▶ **DIRECTIONS**: Repeat exactly, and only, the lines below starting at the line that contains "Giden arama düz vektör yuvarlak simgesi" and ending at the line that contains "Хлопковая блузка с", inclusive of both.

▶ **EXTRACTED MATERIAL**:

┌────────

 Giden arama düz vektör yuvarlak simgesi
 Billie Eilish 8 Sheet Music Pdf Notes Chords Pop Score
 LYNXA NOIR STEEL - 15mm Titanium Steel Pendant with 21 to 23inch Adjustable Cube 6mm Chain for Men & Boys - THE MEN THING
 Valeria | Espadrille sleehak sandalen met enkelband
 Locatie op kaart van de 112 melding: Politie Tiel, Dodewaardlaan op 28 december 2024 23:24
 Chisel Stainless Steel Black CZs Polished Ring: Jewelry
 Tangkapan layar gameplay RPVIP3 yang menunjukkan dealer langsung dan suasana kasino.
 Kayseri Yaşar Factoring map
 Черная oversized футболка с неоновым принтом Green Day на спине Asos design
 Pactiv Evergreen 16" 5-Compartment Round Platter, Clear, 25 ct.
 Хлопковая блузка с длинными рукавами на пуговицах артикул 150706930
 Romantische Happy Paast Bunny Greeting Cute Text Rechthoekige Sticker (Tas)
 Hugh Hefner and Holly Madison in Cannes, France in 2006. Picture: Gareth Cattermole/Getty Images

└────────
┌────────

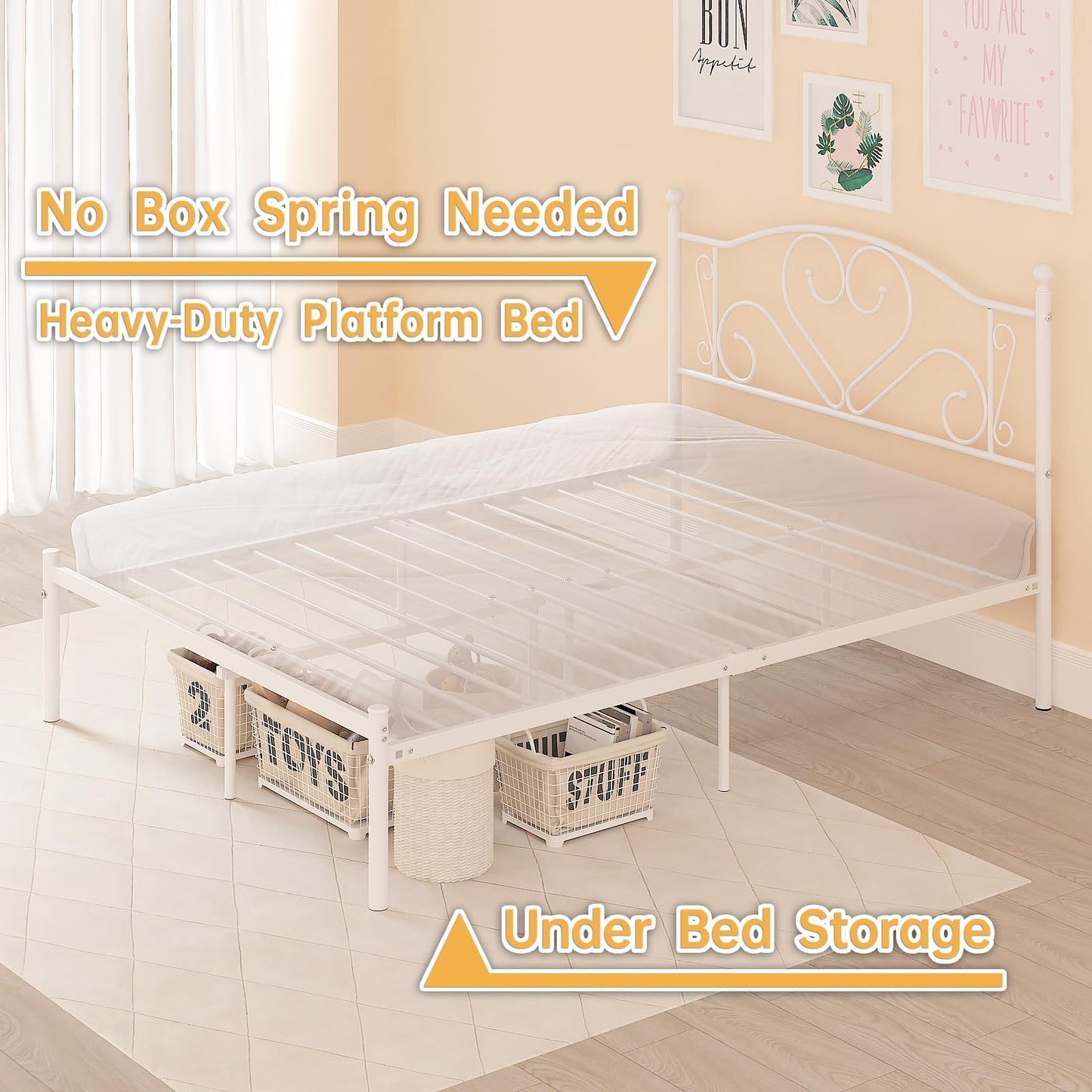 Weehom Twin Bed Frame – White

└────────
┌────────

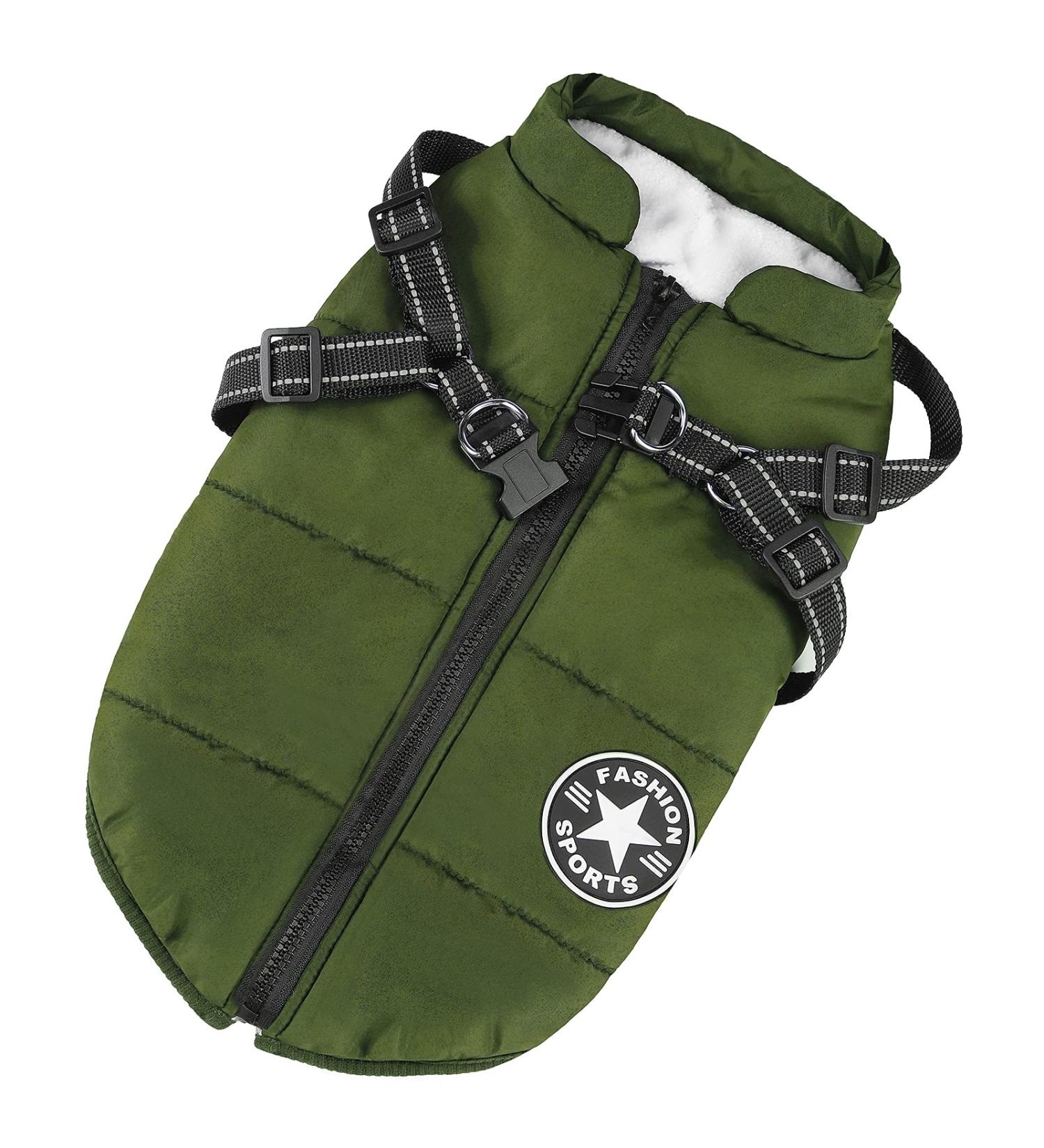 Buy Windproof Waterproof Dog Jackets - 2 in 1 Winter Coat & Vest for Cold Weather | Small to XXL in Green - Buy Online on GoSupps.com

└────────

▶ **YOUR RESPONSE**:
 Giden arama düz vektör yuvarlak simgesi
 Billie Eilish 8 Sheet Music Pdf Notes Chords Pop Score
 LYNXA NOIR STEEL - 15mm Titanium Steel Pendant with 21 to 23inch Adjustable Cube 6mm Chain for Men & Boys - THE MEN THING
 Valeria | Espadrille sleehak sandalen met enkelband
 Locatie op kaart van de 112 melding: Politie Tiel, Dodewaardlaan op 28 december 2024 23:24
 Chisel Stainless Steel Black CZs Polished Ring: Jewelry
 Tangkapan layar gameplay RPVIP3 yang menunjukkan dealer langsung dan suasana kasino.
 Kayseri Yaşar Factoring map
 Черная oversized футболка с неоновым принтом Green Day на спине Asos design
 Pactiv Evergreen 16" 5-Compartment Round Platter, Clear, 25 ct.
 Хлопковая блузка с длинными рукавами на пуговицах артикул 150706930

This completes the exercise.